* **WORK ORDER**
Apart from the pictures, write out all the records exactly.

* **DATASET RECORDS**
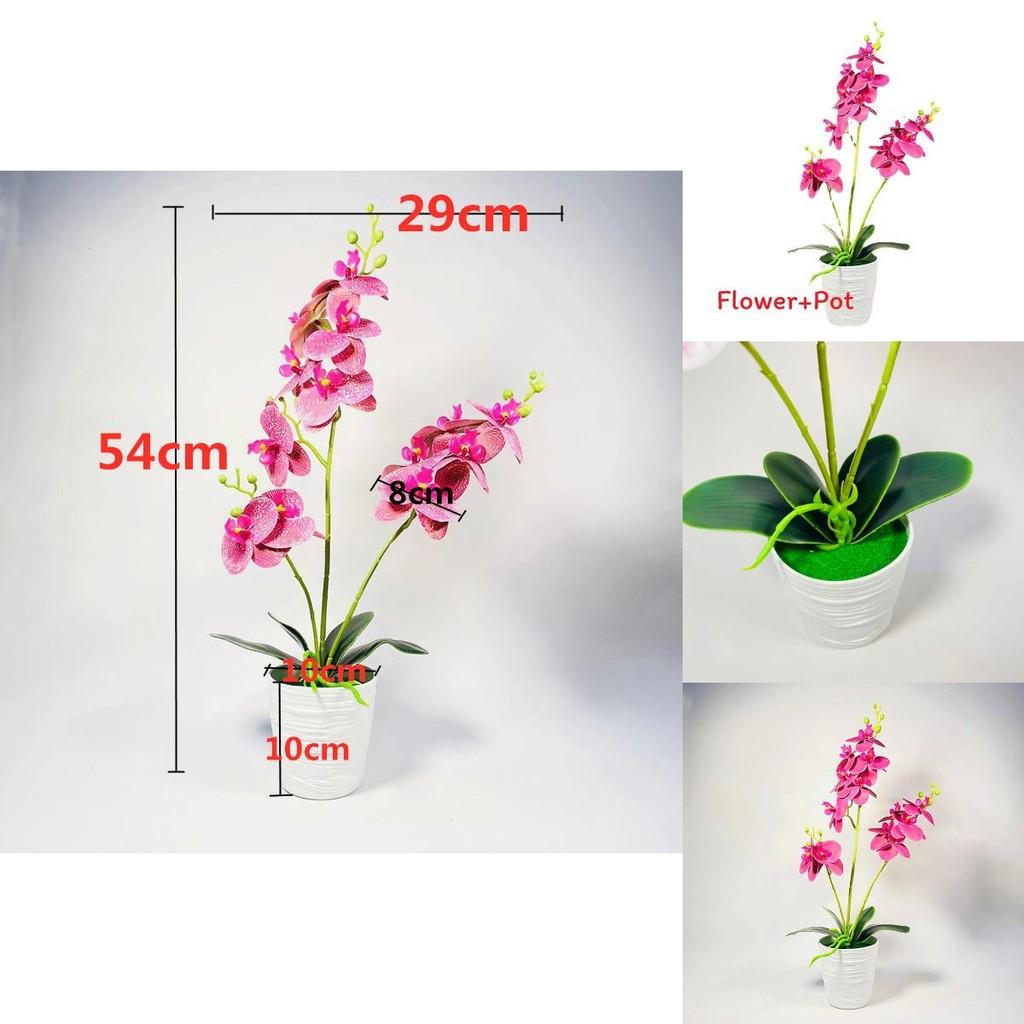 Phalaenopsis Fake Potted Plant Blossom With Pvc And Injection Molding For Office Table Decor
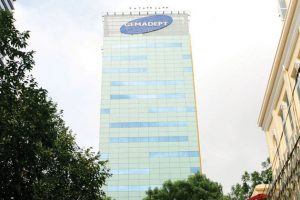 GMD lãi 100 tỷ đồng bất thường, có thể trả cổ tức đặc biệt với tỷ lệ 85%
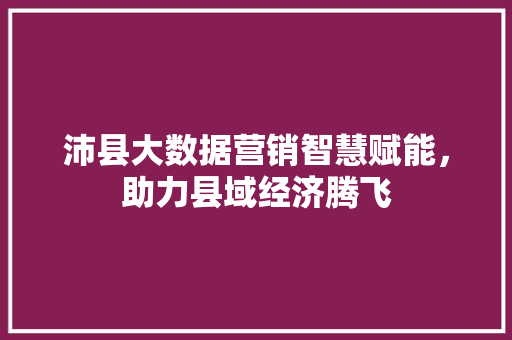 沛县大数据营销智慧赋能，助力县域经济腾飞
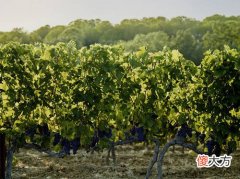 2021年酒水代理怎么样 如何加盟酒业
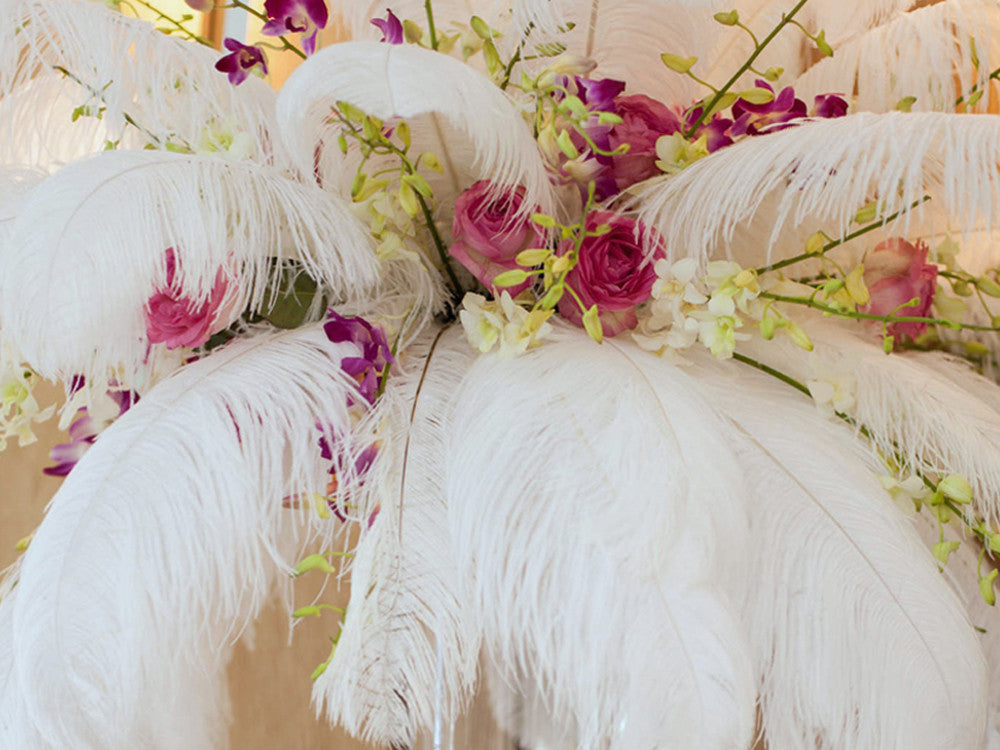 2 Pieces - 25-29" White X-Large Ostrich Wing Plumes Centerpiece Feathers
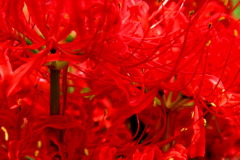 紅蓮Ⅲ　(曼珠沙華)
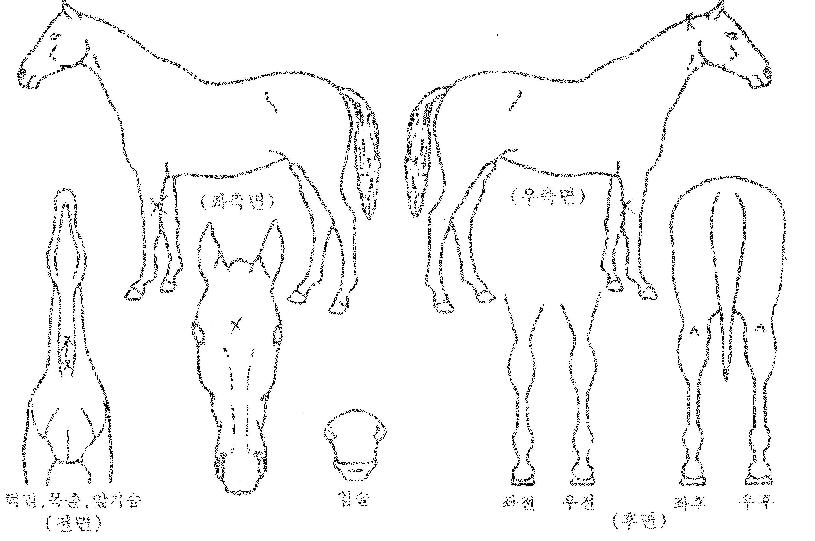 ���������̵��� ����,���,�޸�,�λ�,�ٸ��� Ư¡����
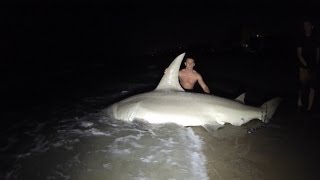 Giant 14ft Hammerhead Caught off the Beach [upl. by Aehsal]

* **EXERCISE RESPONSE**
 Phalaenopsis Fake Potted Plant Blossom With Pvc And Injection Molding For Office Table Decor
 GMD lãi 100 tỷ đồng bất thường, có thể trả cổ tức đặc biệt với tỷ lệ 85%
 沛县大数据营销智慧赋能，助力县域经济腾飞
 2021年酒水代理怎么样 如何加盟酒业
 2 Pieces - 25-29" White X-Large Ostrich Wing Plumes Centerpiece Feathers
 紅蓮Ⅲ　(曼珠沙華)
 ���������̵��� ����,���,�޸�,�λ�,�ٸ��� Ư¡����
 Giant 14ft Hammerhead Caught off the Beach [upl. by Aehsal]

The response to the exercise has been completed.